If AIs use data produced by other AIs, it degrades their ability to make meaningful observations or reach useful conclusions.
In other words, they go insane.
The problem is called “AI model collapse” and it occurs when AIs like LLMS (ChatGPT et al) create a “recursive” loop of generating and consuming data. For those of us old enough to remember copiers, think copy of a copy of a copy.
The images get blurry and the text harder to read.

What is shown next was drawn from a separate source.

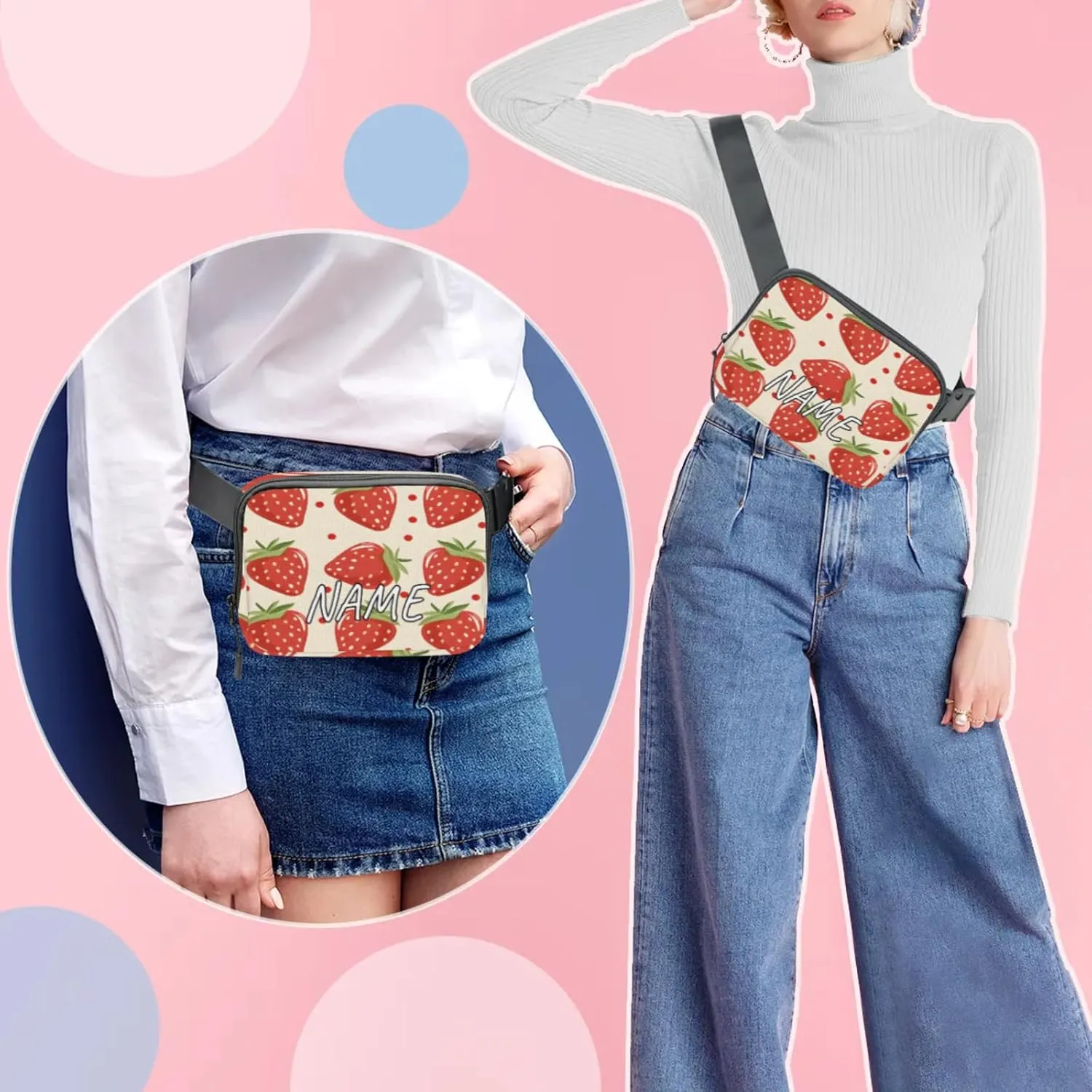 Personalized Cute Strawberry Fanny Pack Unisex Belt Bag Modern Cartoon Custom Name Crossbody Waist Bag with Adjustable Strap for Running Traveling Sports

It’s an inevitable outcome of the fact that AI developers have all but used up most of the data available on the Internet to train their models, and the most rich sources of reliable stuff are now restricting said access.
And estimates range from some to lots of that available (or formerly so) data is already tainted by AI, whether by creation or translation. It’s no surprise since there are concerted efforts underway to generate AI content on purpose for the very purpose of training AIs: called “synthetic data,” it has been suggested that it could top the presence of “real data” by the end of the decade.

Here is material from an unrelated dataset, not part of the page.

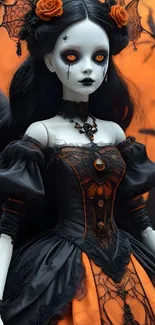 Gothic doll with orange eyes and dark dress, set against eerie background.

Just think of the potential for AIs to get stuff wrong by default or, worse, AIs used to purposely generate data to convince other AIs of something wrong or sinister. It will supercharge gaming a system of information that is already corrupt.
There are three most obvious ways to address this emergent problem:
First, and probably the most overt, will be the development of tools to try to stop or mitigate it. We’ll hear from the tech boffins about “guardrails” and “safeguards” that will make AI model collapse less likely or severe.
And, when something weird or scary happens, they’ll label it with something innocuous (I love the idea that AIs already making shit up is called “hallucinating”) and then come up with more AIs to police that new problem that also creates demands for money as it prompts more problems.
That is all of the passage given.